Old SDK was using CPP REST which used concurrency::streams::istream m_stream; There is no such thing in new SDK , except for TransferOptions.Concurrency which does almost nothing. Is there some idea how can DownloadTo can be speed up? Or should parallelism be implemented on top of the library?
// Copyright (c) Microsoft Corporation.
// Licensed under the MIT License.
#include <azure/storage/blobs.hpp>
#include <cstdio>
#include <iostream>
#include <stdexcept>
std::string GetConnectionString()
{
const static std::string ConnectionString = "";
if (!ConnectionString.empty())
{
return ConnectionString;
}
const static std::string envConnectionString = std::getenv("AZURE_STORAGE_CONNECTION_STRING");
if (!envConnectionString.empty())
{
return envConnectionString;
}
throw std::runtime_error("Cannot find connection string.");
}
int main()
{
using namespace Azure::Storage::Blobs;
const std::string containerName = "sample-container";
const std::string blobName = "sample-blob";
const std::string blobContent = "Hello Azure!";
auto containerClient
= BlobContainerClient::CreateFromConnectionString(GetConnectionString(), containerName);
containerClient.CreateIfNotExists();
BlockBlobClient blobClient = containerClient.GetBlockBlobClient(blobName);
std::vector<uint8_t> buffer(blobContent.begin(), blobContent.end());
blobClient.UploadFrom(buffer.data(), buffer.size());
Azure::Storage::Metadata blobMetadata = {{"key1", "value1"}, {"key2", "value2"}};
blobClient.SetMetadata(blobMetadata);
auto properties = blobClient.GetProperties().Value;
for (auto metadata : properties.Metadata)
{
std::cout << metadata.first << ":" << metadata.second << std::endl;
}
// We know blob size is small, so it's safe to cast here.

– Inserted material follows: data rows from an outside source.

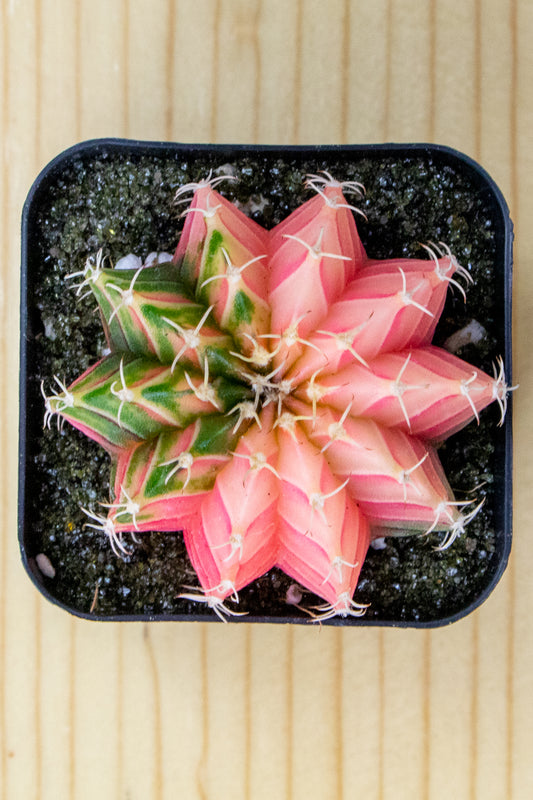 Gymnocalycium Mihanovichii Variegated 2 Inch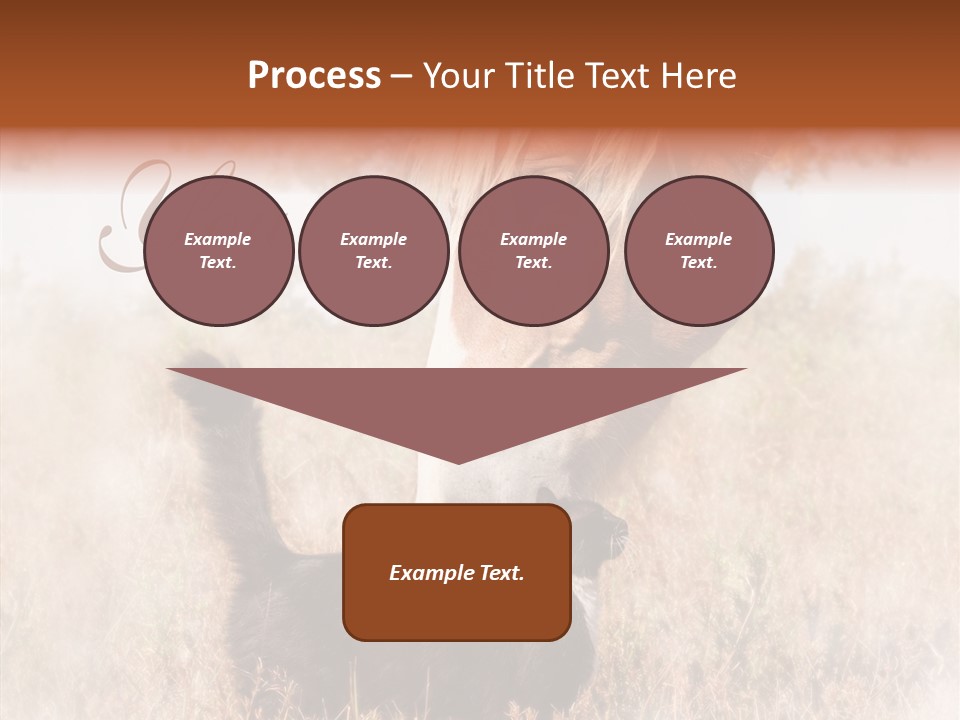 Equine Black Love PowerPoint Template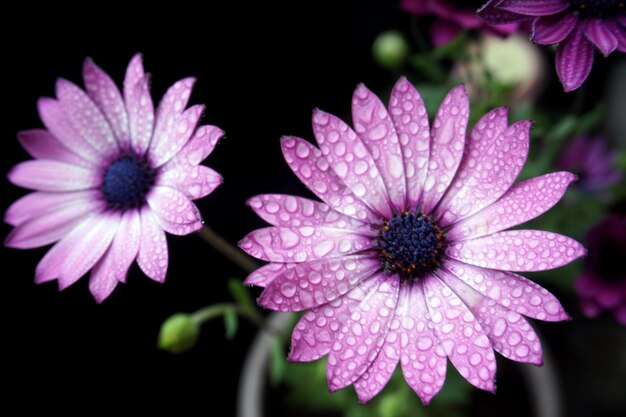 Foto close-up di gocce d'acqua su un fiore rosa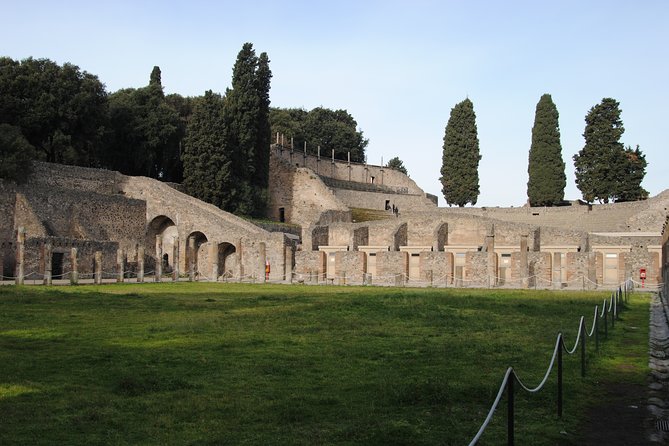 Private tour Pompeii Vesuvius and Winery from Sorrento - Who Should Book This Tour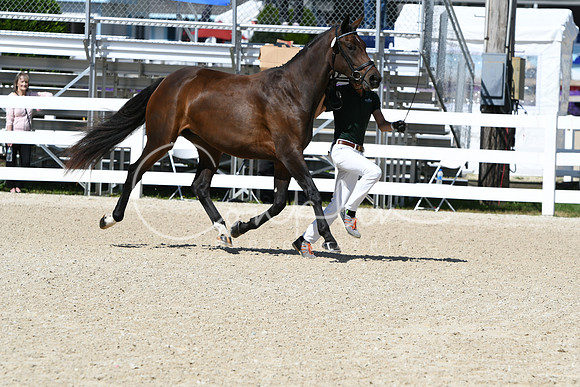 HSM_4341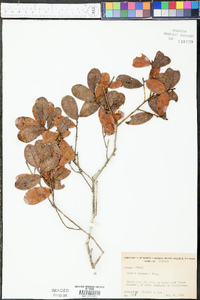 Quercus chapmanii image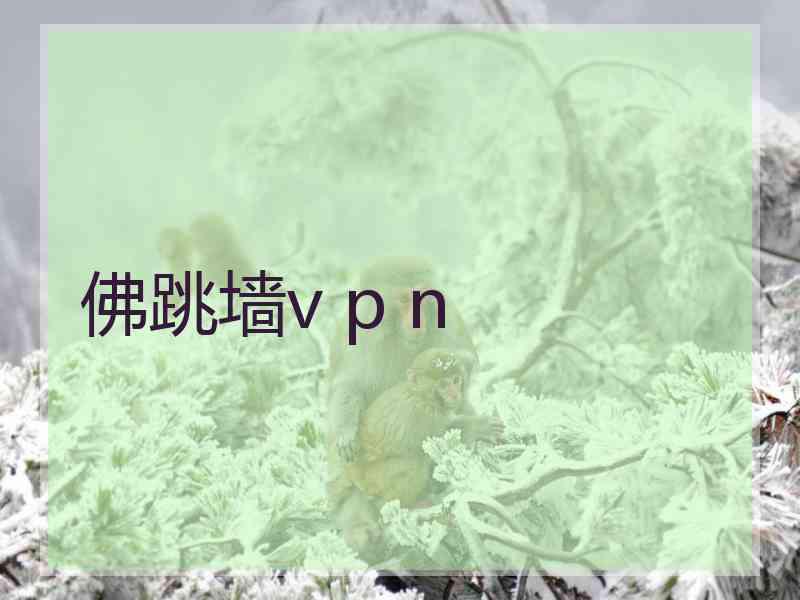 佛跳墙v p n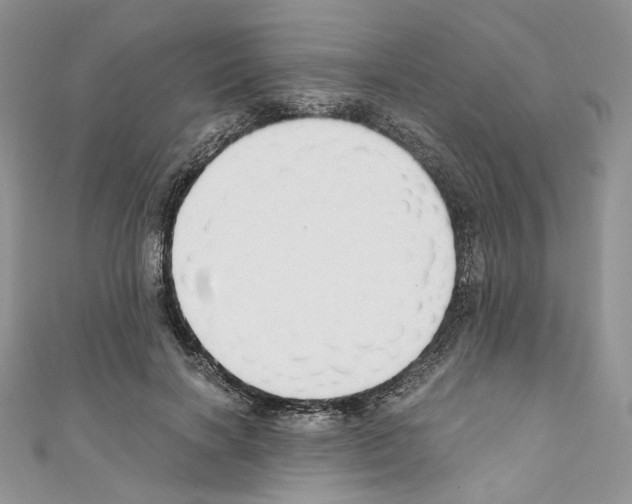 X0000110670646200907241023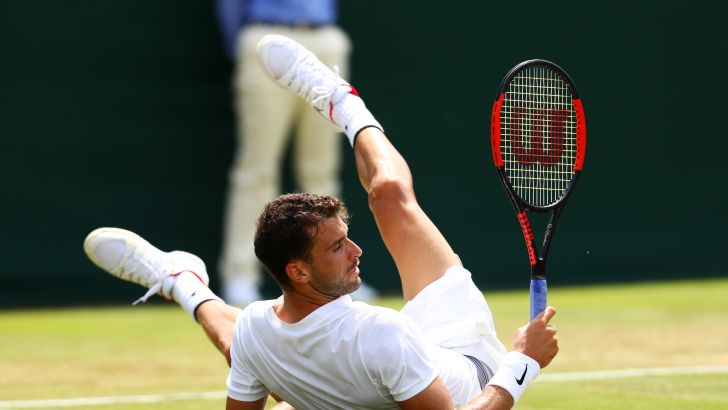 גריגור דימיטרוב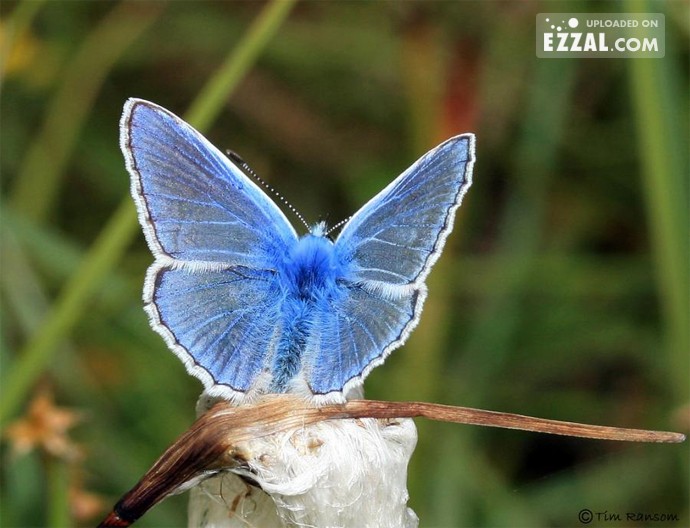 14 skvelých fotiek motýľov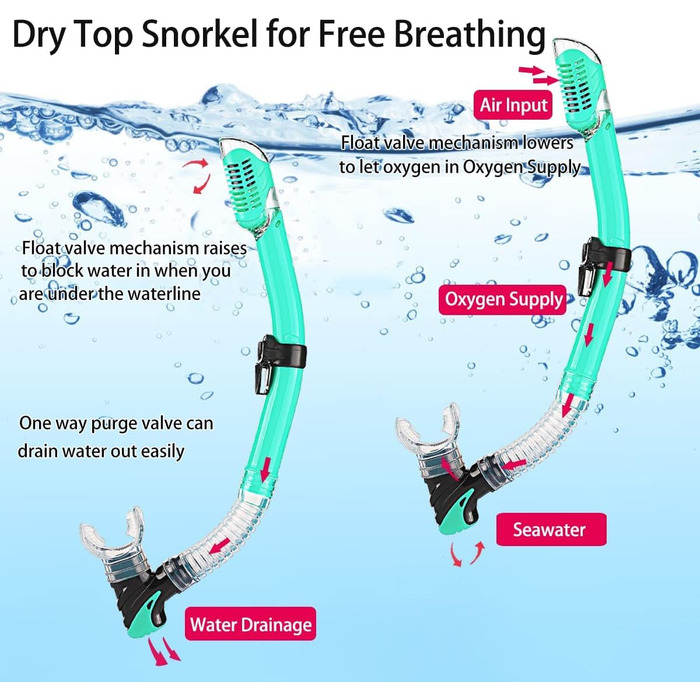 Комплект для дорослого підводного плавання з ластами, маскою для дайвінгу, трубкою сухого типу та сумкою для перенесення, колір аквамариновий, розмір S/M (36-41)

buffer.resize(static_cast<size_t>(properties.BlobSize));
blobClient.DownloadTo(buffer.data(), buffer.size());
std::cout << std::string(buffer.begin(), buffer.end()) << std::endl;
return 0;
}
Long story short, CACHING was the solution. Our system is designed such way, that read function always read only 32kb, and then you can imagine the amount of http requests... At first I have tried to download a 1gb locally and then whenever read is called, get a chunk of that 1gb, afterwards I reduced it all way to 4mb, which showed great results. Speed up was insane.